India’s proposed food security bill therefore is a lost opportunity. Sonia Gandhi did provide a historic opportunity for the National Advisory Council (NAC) to come up with a proposal to fight hunger in such a meaningful way that makes hunger history. But the opportunity was squandered. I would have been keenly looking for a policy programme which could have spelled out how much hunger would go away in the next five years, the next 10 years, the next 15 years and so on. The proposed law could have been easily designed in a manner that aims to remove hunger once for all rather than keep the majority population dependent on food doles for all times to come.

An economically viable and sustainable agriculture should have been at the centre of the food security programme.
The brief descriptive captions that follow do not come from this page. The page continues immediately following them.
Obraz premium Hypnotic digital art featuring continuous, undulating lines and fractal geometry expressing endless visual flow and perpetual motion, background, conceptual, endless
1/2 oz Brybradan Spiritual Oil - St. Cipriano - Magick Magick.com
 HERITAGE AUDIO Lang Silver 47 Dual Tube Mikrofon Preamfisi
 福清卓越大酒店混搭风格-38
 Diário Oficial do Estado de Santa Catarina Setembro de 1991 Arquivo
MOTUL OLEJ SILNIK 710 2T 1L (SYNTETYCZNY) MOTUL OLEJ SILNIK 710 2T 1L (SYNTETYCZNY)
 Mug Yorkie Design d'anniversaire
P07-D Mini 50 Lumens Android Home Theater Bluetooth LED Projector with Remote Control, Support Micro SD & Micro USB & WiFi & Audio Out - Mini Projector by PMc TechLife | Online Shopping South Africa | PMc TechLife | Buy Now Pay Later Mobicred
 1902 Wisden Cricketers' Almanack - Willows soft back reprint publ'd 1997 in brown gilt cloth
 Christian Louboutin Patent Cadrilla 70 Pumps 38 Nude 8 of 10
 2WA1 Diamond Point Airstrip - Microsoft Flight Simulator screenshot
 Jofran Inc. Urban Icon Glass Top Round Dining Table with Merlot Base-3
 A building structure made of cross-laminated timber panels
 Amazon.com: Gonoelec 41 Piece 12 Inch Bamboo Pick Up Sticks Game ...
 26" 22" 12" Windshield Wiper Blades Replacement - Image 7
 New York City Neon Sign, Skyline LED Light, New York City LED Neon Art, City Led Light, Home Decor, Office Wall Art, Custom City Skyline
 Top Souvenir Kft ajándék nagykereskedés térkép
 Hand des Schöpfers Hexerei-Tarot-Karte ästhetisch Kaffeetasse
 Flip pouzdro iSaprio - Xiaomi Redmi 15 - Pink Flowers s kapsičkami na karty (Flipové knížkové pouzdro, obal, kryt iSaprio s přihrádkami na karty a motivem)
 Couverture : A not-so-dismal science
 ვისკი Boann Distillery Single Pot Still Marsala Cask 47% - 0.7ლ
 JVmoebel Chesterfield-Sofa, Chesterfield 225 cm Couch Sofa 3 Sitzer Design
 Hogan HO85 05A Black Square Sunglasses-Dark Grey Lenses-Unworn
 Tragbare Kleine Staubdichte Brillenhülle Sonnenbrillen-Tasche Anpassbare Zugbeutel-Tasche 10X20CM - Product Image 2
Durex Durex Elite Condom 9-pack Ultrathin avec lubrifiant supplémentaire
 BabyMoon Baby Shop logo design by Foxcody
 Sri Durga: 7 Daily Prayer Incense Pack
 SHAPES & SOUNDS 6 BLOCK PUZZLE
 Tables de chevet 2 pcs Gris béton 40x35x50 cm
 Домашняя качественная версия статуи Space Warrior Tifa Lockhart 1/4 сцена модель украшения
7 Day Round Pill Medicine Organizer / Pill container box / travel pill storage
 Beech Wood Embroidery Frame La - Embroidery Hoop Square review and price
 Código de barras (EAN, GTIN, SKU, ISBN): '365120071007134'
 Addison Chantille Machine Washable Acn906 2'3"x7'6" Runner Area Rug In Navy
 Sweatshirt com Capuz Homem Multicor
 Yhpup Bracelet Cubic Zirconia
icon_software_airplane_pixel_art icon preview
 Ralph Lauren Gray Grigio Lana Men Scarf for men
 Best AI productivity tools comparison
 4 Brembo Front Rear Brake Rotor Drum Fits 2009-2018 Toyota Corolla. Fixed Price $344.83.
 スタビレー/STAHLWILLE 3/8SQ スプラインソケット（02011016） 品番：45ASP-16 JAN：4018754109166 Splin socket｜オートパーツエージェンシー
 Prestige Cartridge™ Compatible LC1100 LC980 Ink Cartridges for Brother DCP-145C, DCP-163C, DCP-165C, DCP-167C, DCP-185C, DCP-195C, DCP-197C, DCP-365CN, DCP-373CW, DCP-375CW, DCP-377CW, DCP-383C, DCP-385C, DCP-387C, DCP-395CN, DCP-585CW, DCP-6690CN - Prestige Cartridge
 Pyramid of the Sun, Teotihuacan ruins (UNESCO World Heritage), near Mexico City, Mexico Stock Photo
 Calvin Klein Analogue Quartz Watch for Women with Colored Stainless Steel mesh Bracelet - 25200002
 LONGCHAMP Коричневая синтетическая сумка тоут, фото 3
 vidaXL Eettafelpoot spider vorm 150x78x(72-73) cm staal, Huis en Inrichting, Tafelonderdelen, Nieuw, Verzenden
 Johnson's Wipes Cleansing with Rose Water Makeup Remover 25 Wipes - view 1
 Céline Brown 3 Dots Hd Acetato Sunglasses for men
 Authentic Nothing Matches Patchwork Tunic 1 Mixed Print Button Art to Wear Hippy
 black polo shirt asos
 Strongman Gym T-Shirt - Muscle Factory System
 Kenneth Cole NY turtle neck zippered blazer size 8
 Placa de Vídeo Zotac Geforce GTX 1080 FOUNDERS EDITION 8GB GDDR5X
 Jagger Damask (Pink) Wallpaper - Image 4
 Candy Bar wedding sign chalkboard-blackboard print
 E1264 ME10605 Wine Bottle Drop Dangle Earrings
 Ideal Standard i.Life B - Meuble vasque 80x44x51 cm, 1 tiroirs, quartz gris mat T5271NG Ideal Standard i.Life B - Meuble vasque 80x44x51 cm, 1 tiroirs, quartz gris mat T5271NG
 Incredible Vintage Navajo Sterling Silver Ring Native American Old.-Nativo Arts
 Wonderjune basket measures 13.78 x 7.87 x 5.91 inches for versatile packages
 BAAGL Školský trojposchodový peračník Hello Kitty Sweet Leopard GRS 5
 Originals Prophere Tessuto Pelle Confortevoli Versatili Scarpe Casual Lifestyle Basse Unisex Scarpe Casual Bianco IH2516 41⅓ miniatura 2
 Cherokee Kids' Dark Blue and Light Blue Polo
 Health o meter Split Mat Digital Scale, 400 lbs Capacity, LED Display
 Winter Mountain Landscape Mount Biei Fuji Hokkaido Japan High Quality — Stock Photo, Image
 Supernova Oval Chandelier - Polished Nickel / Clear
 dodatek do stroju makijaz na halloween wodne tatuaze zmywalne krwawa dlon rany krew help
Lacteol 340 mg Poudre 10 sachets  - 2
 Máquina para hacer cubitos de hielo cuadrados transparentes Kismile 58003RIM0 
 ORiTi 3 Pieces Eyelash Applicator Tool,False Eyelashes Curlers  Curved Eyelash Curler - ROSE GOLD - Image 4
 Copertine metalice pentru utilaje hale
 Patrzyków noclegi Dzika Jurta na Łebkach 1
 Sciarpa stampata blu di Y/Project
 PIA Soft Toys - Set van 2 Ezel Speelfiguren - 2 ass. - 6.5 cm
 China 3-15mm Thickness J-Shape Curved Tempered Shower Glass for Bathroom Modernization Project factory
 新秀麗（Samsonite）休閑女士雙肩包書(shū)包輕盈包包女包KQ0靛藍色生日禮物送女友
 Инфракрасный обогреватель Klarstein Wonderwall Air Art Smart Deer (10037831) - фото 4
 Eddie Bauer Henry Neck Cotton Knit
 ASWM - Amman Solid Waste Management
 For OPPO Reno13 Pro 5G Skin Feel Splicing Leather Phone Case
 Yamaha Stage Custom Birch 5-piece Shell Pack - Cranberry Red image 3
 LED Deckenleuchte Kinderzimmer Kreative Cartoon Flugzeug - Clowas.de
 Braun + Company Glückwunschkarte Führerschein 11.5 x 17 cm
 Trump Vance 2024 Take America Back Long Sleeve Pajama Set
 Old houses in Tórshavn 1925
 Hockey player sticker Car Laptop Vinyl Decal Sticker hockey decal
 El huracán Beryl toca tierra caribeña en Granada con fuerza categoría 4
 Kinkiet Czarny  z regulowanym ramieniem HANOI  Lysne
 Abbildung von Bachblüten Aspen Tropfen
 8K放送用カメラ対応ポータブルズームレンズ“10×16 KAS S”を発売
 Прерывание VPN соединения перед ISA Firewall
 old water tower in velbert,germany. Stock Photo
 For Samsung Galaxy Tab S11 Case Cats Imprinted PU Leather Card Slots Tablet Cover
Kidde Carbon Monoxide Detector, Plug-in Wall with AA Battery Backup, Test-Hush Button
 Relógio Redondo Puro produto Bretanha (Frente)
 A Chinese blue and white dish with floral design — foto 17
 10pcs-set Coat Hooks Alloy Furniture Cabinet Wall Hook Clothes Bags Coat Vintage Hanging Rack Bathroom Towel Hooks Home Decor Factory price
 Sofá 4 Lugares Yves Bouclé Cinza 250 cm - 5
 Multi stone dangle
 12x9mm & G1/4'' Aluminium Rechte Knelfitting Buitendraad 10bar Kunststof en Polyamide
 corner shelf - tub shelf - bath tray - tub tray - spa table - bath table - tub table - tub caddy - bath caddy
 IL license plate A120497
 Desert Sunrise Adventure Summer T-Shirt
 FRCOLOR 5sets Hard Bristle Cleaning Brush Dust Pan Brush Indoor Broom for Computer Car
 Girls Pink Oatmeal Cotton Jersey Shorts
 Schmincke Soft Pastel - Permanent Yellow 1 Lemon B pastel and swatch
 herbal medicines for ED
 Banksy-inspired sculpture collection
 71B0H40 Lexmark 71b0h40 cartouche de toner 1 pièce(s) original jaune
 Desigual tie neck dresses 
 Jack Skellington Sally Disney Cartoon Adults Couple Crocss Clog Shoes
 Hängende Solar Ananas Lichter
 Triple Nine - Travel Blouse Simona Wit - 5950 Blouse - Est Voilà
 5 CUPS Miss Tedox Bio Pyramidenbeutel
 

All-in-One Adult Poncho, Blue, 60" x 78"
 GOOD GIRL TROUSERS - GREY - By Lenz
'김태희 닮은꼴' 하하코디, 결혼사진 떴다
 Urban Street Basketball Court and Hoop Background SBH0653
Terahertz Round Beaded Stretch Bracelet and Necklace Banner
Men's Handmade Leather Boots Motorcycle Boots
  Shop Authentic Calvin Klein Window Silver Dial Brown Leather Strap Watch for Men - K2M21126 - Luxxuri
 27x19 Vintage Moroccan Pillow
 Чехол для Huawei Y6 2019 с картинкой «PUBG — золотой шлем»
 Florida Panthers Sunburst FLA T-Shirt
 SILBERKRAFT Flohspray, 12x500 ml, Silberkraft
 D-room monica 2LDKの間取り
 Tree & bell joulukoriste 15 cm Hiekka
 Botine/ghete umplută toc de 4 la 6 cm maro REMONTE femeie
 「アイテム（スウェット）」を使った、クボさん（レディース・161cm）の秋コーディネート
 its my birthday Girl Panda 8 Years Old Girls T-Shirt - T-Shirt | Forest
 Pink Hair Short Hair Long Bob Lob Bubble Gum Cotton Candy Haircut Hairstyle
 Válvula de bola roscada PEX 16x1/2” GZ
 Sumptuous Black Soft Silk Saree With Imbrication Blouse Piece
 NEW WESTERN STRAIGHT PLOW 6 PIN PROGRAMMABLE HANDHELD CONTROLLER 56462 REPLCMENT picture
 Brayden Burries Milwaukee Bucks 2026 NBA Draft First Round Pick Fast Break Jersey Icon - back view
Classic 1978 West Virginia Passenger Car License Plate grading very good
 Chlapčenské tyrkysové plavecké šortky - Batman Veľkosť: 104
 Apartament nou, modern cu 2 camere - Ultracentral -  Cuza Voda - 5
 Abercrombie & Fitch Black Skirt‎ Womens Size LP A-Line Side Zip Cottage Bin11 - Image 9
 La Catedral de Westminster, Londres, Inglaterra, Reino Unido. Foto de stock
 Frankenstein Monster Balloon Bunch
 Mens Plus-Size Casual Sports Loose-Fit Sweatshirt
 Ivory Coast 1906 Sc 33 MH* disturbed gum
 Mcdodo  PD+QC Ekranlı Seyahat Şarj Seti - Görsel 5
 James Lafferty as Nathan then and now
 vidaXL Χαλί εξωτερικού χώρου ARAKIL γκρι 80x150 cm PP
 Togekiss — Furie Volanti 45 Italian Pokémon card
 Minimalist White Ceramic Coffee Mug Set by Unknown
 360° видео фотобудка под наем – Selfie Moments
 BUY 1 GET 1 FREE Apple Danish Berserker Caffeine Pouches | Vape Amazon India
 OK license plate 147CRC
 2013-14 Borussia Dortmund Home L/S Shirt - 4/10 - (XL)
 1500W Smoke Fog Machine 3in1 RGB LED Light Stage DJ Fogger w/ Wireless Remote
With nearly 2,500 farmers quitting agriculture every day, and nowhere to go, the scourge of hunger is only going to multiply. The United Nations meanwhile has complimented 38 countries, including Brazil, for beating a UN deadline of 2015 to remove half their hunger. It was in the year 2000 when the UN established the Millennium Development Goals for countries, the first target being to reduce extreme poverty and hunger by half by the year 2015. Among these 38 countries are: Algeria, Angola, Bangladesh, Cambodia, Chile, Cuba, Ghana, Guyana, Honduras, Indonesia, Maldives, Nicaragua, Venezuela and Vietnam.

While I agree that 91 per cent reduction in global hunger since 1991-92 has come from the efforts made by just two countries – China and Vietnam, it is significant that some other countries are fast racing to eradicate hunger. Even if these countries have relatively smaller populations (except Indonesia and Bangladesh) hunger is a scourge that blots development everywhere including tiny nations. A hungry nation can never be economically strong howsoever it may try to paint a rosy picture based on statistical jugglery.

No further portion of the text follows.